Louisiana has moved closer to becoming the site of what will be the world’s largest manufacturing carbon capture facility.
The U.S. Energy Department in December announced it was conditionally guaranteeing up to $2 billion in federal loans to Lake Charles Methanol. The deal, which remains subject to terms, will allow for lower borrowing costs for the plant under the advanced energy program. The company still must raise $1.8 billion in equity.
The company proposes to build a novel methanol production facility in Lake Charles able to capture carbon that could be utilized for enhanced oil recovery in Texas.

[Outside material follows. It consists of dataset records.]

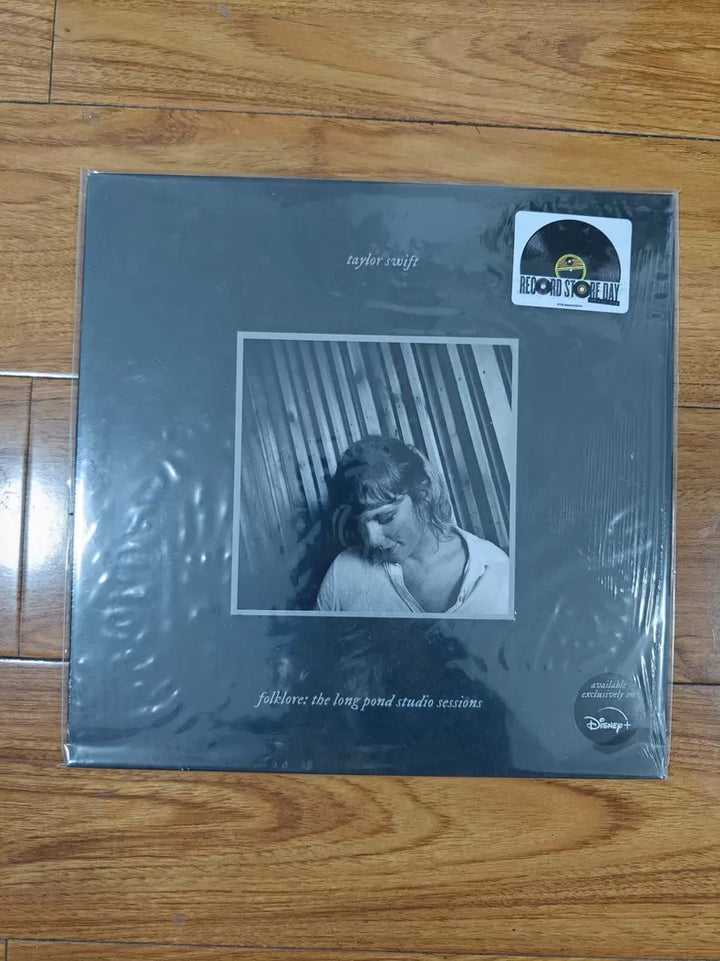Taylor Swift folklore: The Long Pond Studio Sessions RSD Vinyl 2LP – Side Opened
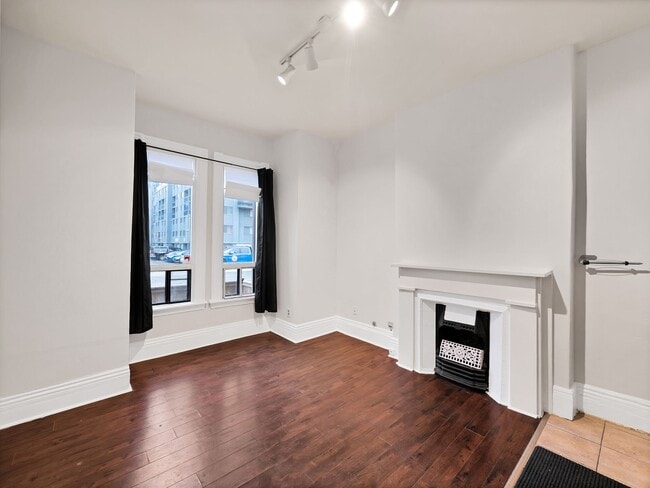 Photo - 208 Wilson St Unit 1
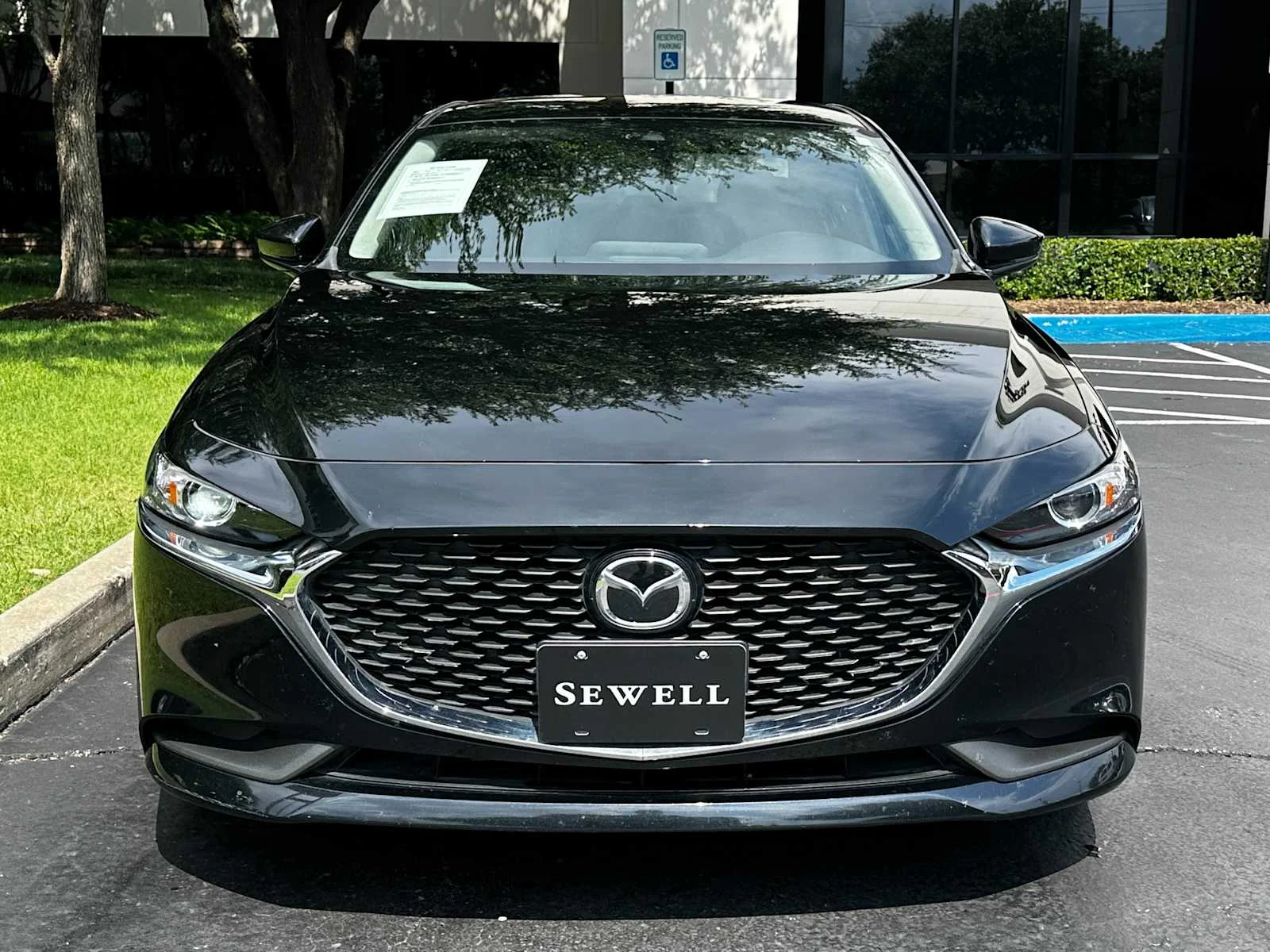 Used 2021  Mazda Select image 2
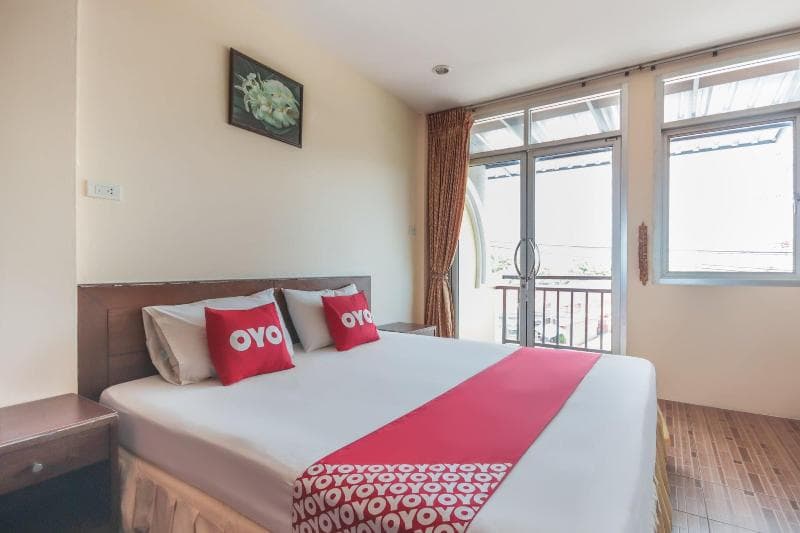 Oyo 889 Baan Sakdidet 4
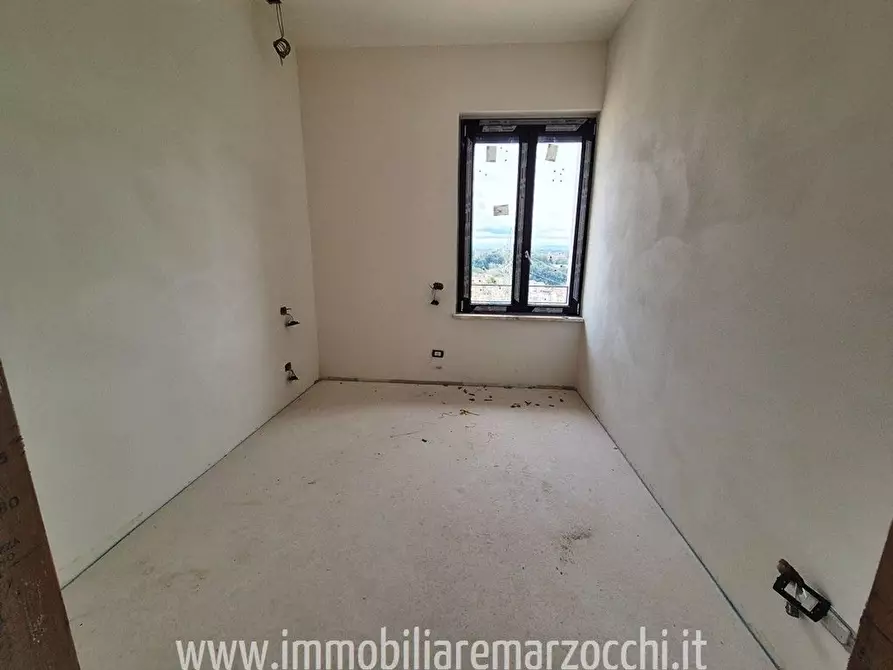 Immagine 8 di Appartamento in vendita  a Siena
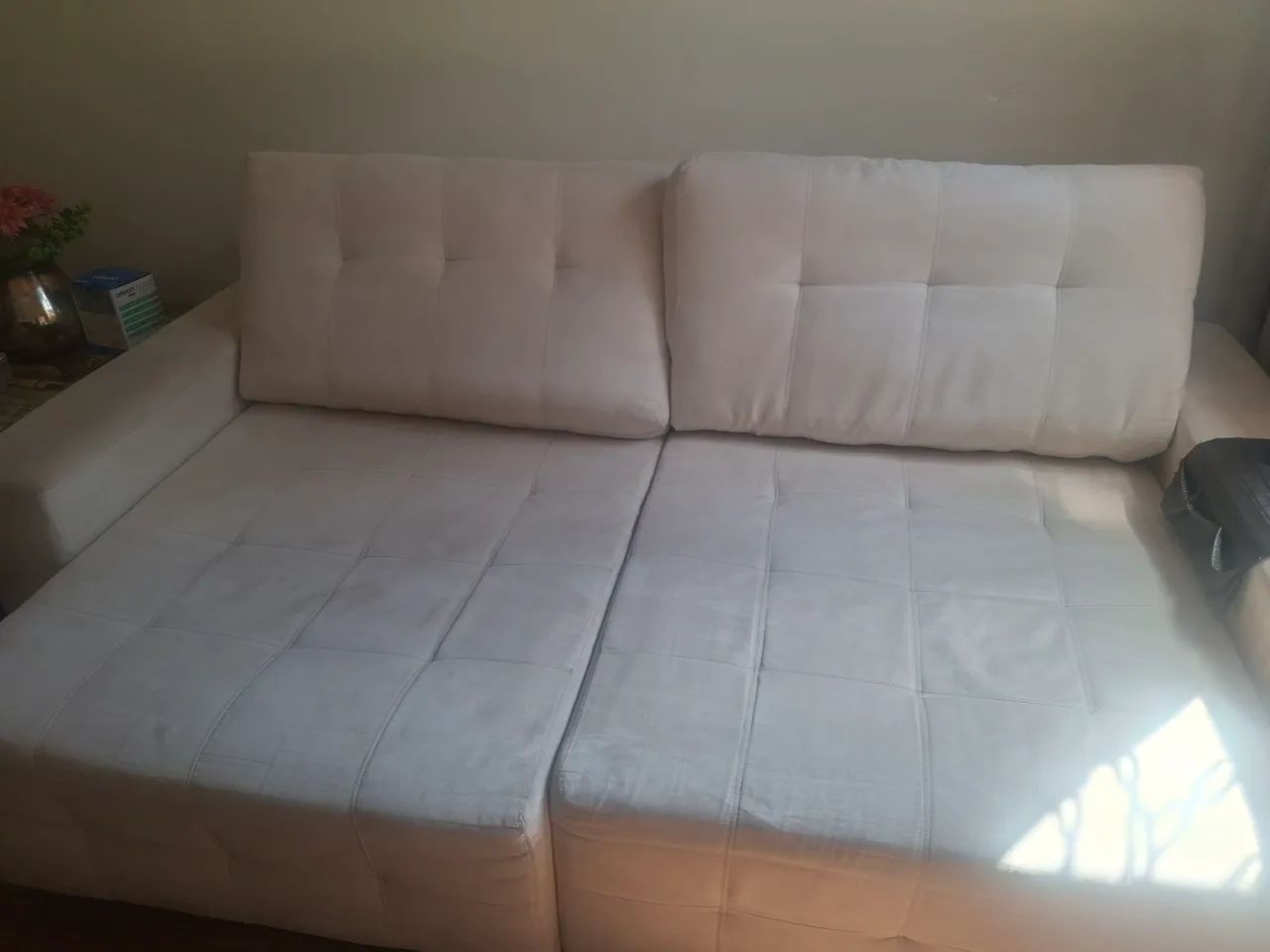 Vendo sofá retrátil 4 lugares em suede - Foto 4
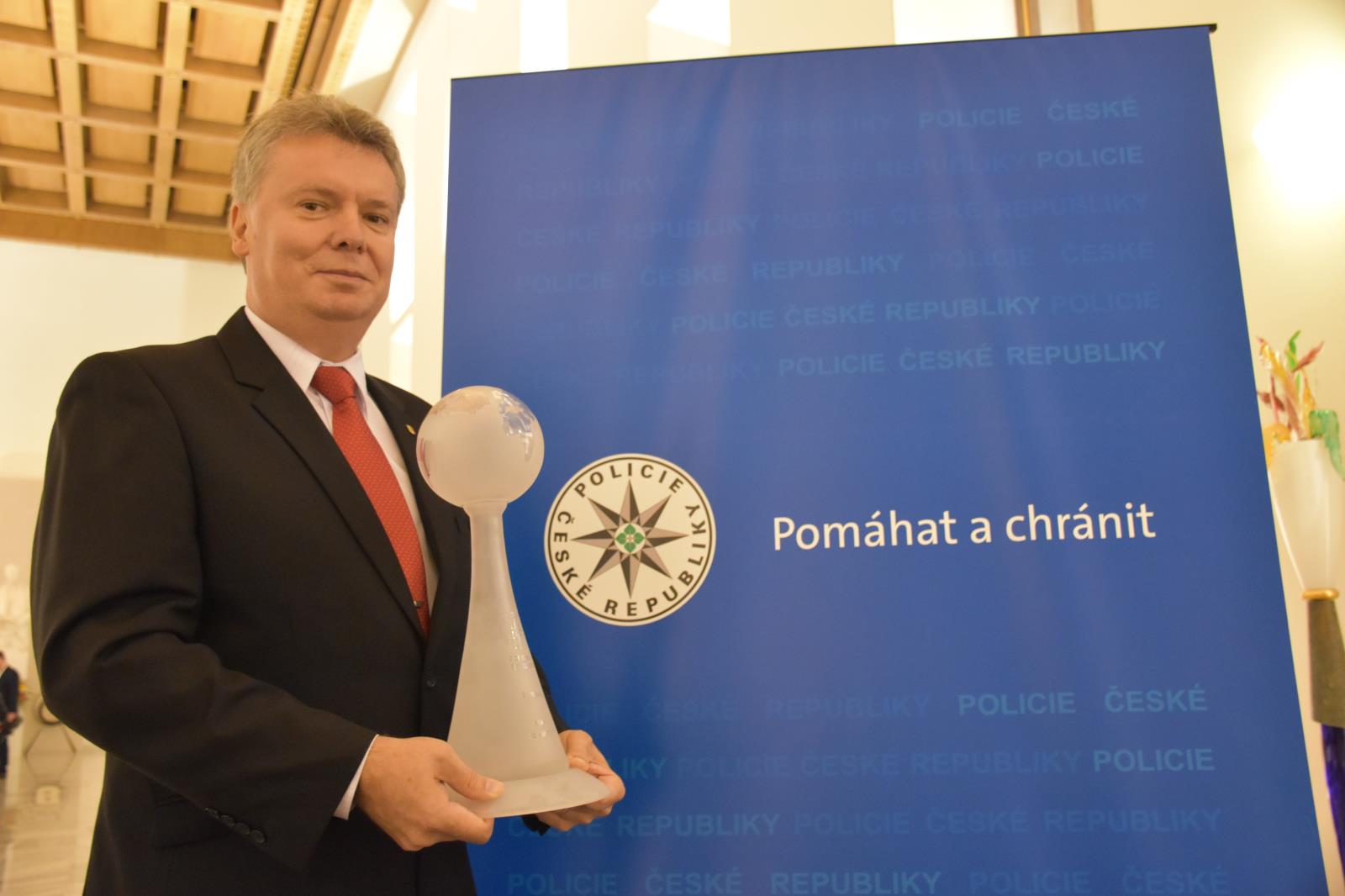 1 Jaromír Badin - Policista roku 2016 .JPG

If built, the project will not only be the first methanol facility to employ carbon capture technology; it will be the first petcoke-to-methanol facility in the U.S. By using petcoke as the feedstock and employing carbon capture while producing methanol, hydrogen and other industrial gases and chemical products, the facility is expected to reduce emissions of carbon dioxide that otherwise would be released into the atmosphere.
“Essentially what we’re doing is decarbonizing oil,” Lake Charles Methanol attorney Hunter Johnston told The Washington Post. “We’re lowering the carbon impact of oil, because we’re taking a part of the refinining process that would otherwise be associated with CO2 emissions and we’re capturing that to produce more oil. So there’s this huge benefit of domestic production as a result while improving the environment.”
The captured carbon would be compressed for commercial pipeline transport to oilfields in Texas, resulting in sequestration of 4.2 million metric tons of carbon dioxide annually. According to the Energy Department, the project is estimated to capture 77% of carbon dioxide produced by the facility, reducing greenhouse gas emissions by 36% as compared to typical methanol facilities.
The cost of the facility is projected at $3.8 billion.
Leucadia Energy launched plans for the facility in 2012—initially only for petcoke production—but it was canceled two years later. Houston businessman Don Maley, a former Leucadia executive, formed Lake Charles Methanol in 2015, developing its facility on the same site as the defunct Leucadia project.